Singaporeans not only expect to retire a bit later than others in the region but they also believe they will still work in some form of employment after they step down from their main job.

The findings from a survey show that work is a deeply ingrained habit here. They show that Singaporeans anticipate retiring at 61 while the average age from all respondents in China, Hong Kong, Indonesia, Japan, Malaysia, Taiwan, the Philippines and Singapore is 60.

Respondents here also expect to take on some form of work for another nine years till they hit 70 to supplement their savings, more than their regional counterparts. The Asian average is to work six more years till 66. The statutory retirement age here is 62 but employers are required to re-hire those who are eligible when they turn 62, up to 65.

Financial services group Manulife noted in a statement yesterday that the Singaporean respondents' expectations in its survey may be unrealistic.

About 70 per cent expect to work in retirement, the survey found, a level much higher than the actual participation rate of 40 per cent for those between 65 and 69 years old. The employment figure falls to less than 15 per cent for those in their 70s.

Manulife Singapore chief executive Annette King said: "Research reveals that elderly labour employment levels are generally well below the level the survey findings point to.

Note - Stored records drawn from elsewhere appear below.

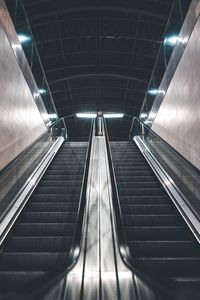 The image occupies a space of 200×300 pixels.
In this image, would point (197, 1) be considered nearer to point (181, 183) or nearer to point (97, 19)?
point (181, 183)

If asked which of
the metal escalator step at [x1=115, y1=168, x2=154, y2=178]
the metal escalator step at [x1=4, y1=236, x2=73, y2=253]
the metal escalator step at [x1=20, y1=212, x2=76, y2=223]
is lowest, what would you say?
the metal escalator step at [x1=4, y1=236, x2=73, y2=253]

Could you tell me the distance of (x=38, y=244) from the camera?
3.79 m

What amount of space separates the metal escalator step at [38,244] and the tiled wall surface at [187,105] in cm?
292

"This may be because retirees are more selective about the jobs they take, looking for positions that offer flexible work schedules, or ones that are in line with their personal interests and that are less physically demanding.

"Or they may have elderly-related health issues that prevent them from working."

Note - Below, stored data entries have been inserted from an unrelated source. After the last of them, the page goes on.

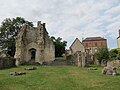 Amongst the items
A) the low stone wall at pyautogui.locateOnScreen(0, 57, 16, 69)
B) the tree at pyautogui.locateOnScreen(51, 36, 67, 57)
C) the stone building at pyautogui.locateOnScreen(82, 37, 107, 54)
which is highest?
the stone building at pyautogui.locateOnScreen(82, 37, 107, 54)

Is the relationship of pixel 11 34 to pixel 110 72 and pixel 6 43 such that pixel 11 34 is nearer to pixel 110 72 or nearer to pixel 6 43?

Singaporeans expect their savings and income to last till they are 80, although the average Singaporean now lives to 84 years old. Cash is king and Singaporeans allocate 39 per cent of their portfolios, excluding property, to it. They hold on to an average 33 months of personal income in cash, higher than the regional average of 21 months.

Ms Jill Smith, chief investment officer at Manulife Asset Management Singapore, said: "These savings generate little or no return - a portion would be better allocated to more productive investments such as fixed income or equity portfolios."

While Singaporeans prefer cash, other favoured investment alternatives are blue-chip stocks or property. About 4,000 respondents were polled altogether in the survey done last year.